--- START ---

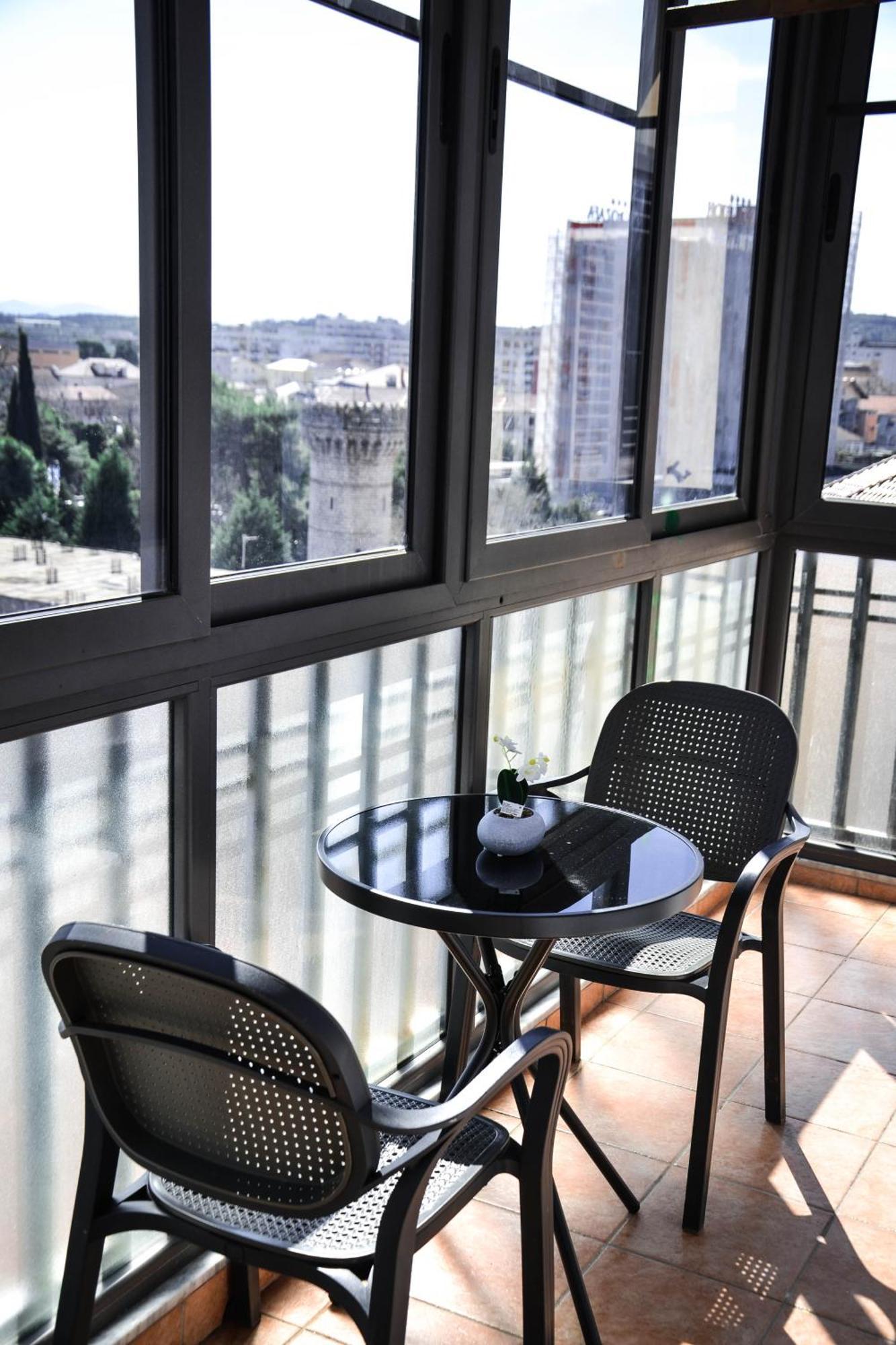Horizont Apart-Hotel ชโคเดอร์ ภายนอก รูปภาพ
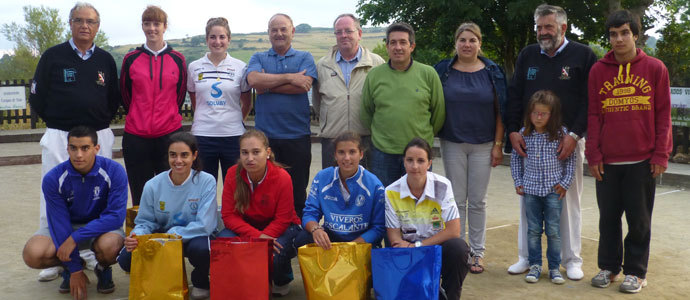 Diana Lpez gana el XII Concurso Ayuntamiento de Campoo de Yuso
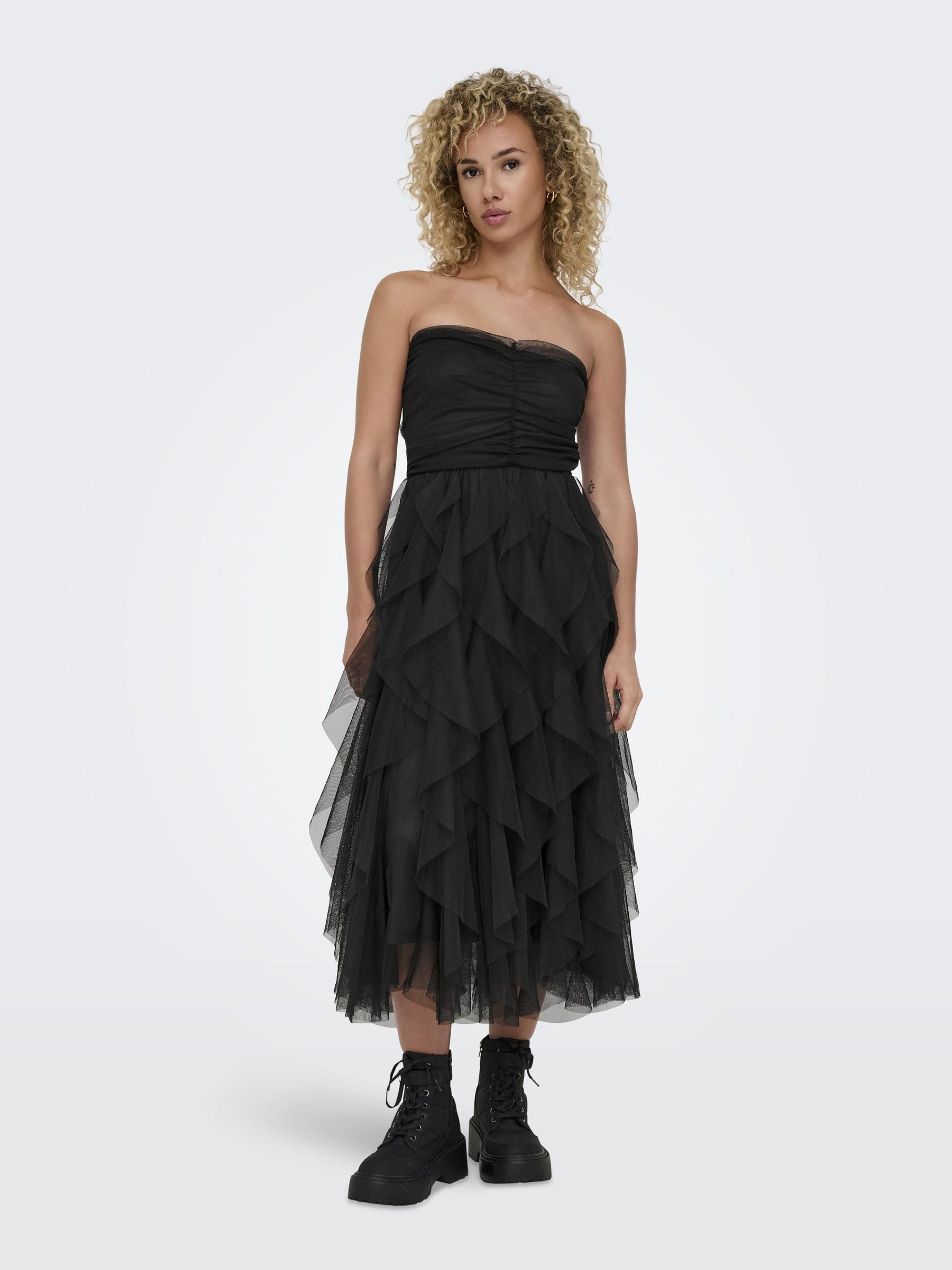 ONLY Female Kleid ONLSKY Langes Kleid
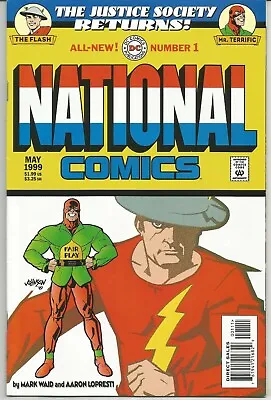 Buy National Comics #1 : May 1999 : DC Comics • 8.95£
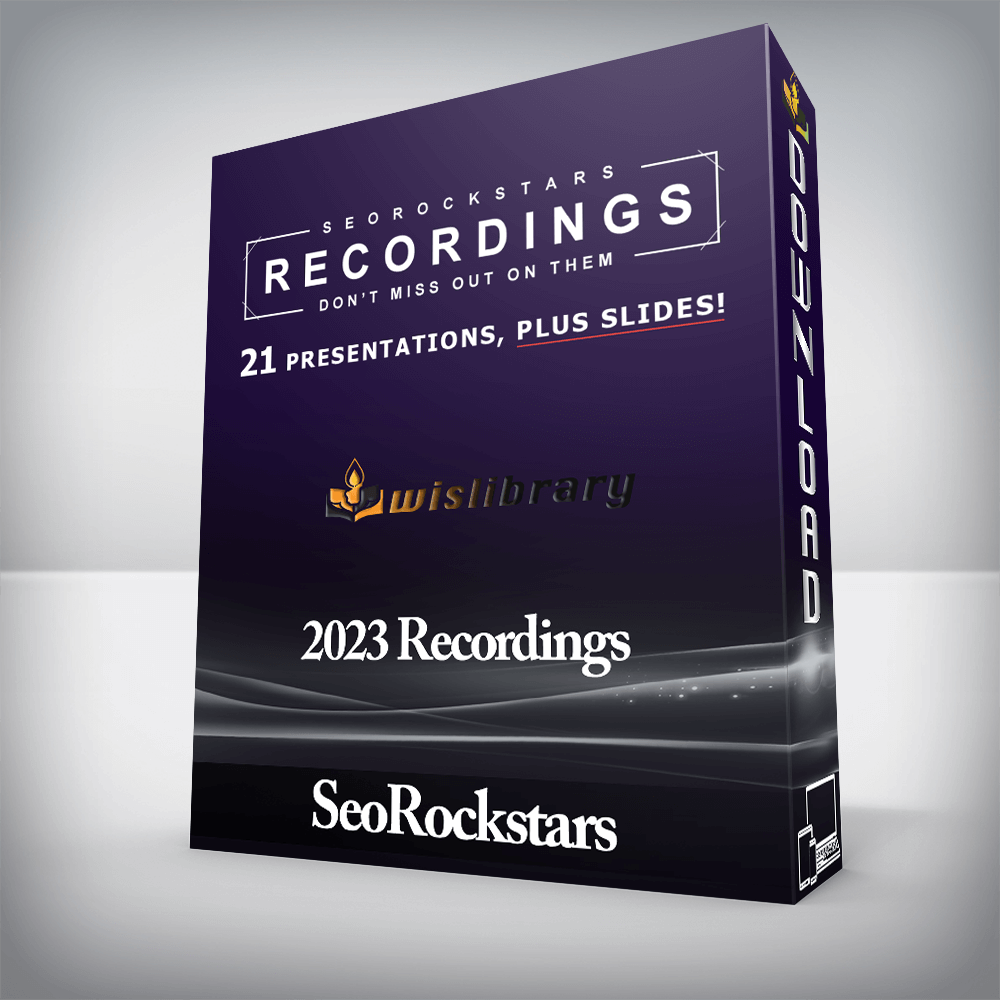 SeoRockstars - 2023 Recordings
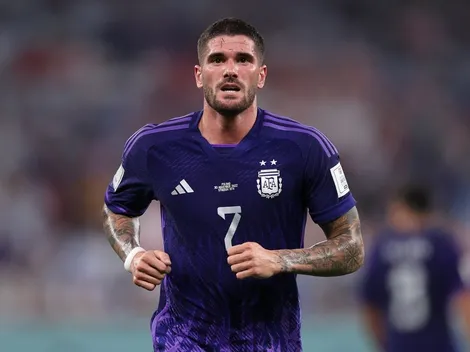 La romántica historia de De Paul junto a Tini Stoessel en su tarde libre en Qatar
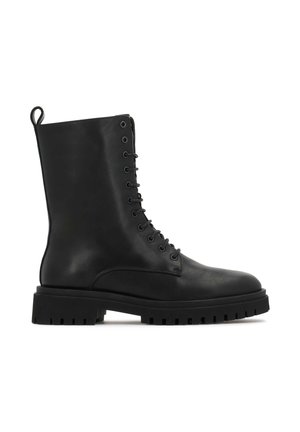 MAILLE - Botine cu platformă - black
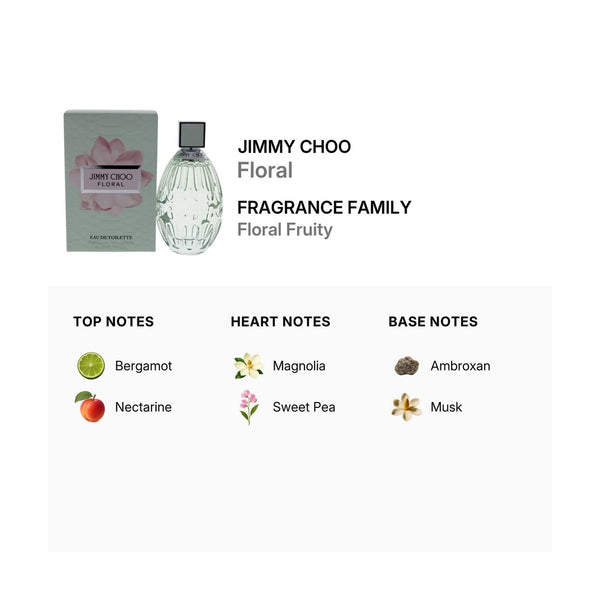 Jimmy Choo Floral For Women EDT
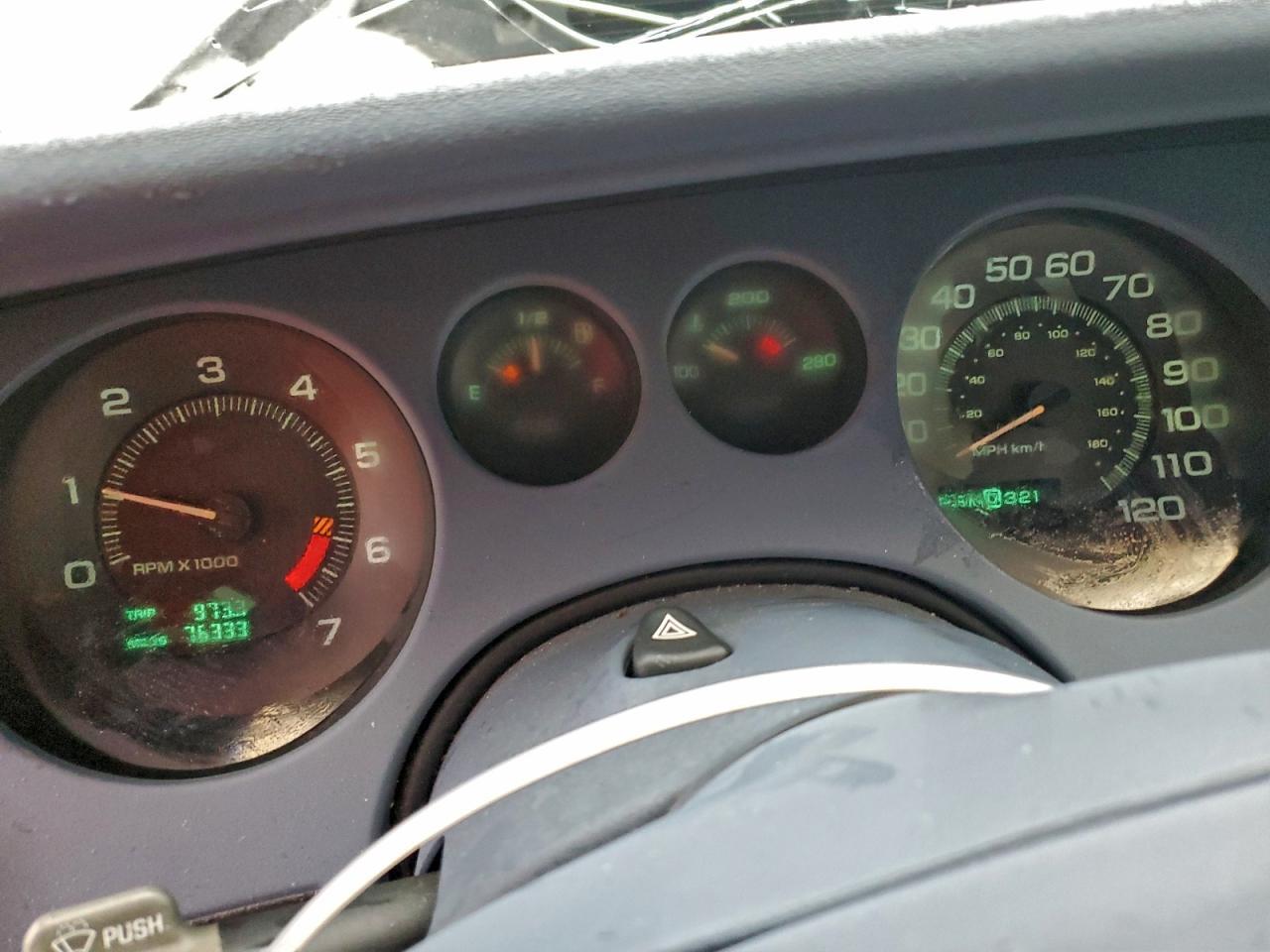 1997 BUICK Riviera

--- END ---

• [HOW TO COMPLETE THIS TASK]
Dropping every picture, restate the material word for word.

• [RESPONSE BELOW]
Horizont Apart-Hotel ชโคเดอร์ ภายนอก รูปภาพ
 Diana Lpez gana el XII Concurso Ayuntamiento de Campoo de Yuso
 ONLY Female Kleid ONLSKY Langes Kleid
 Buy National Comics #1 : May 1999 : DC Comics • 8.95£
 SeoRockstars - 2023 Recordings
 La romántica historia de De Paul junto a Tini Stoessel en su tarde libre en Qatar
 MAILLE - Botine cu platformă - black
 Jimmy Choo Floral For Women EDT
 1997 BUICK Riviera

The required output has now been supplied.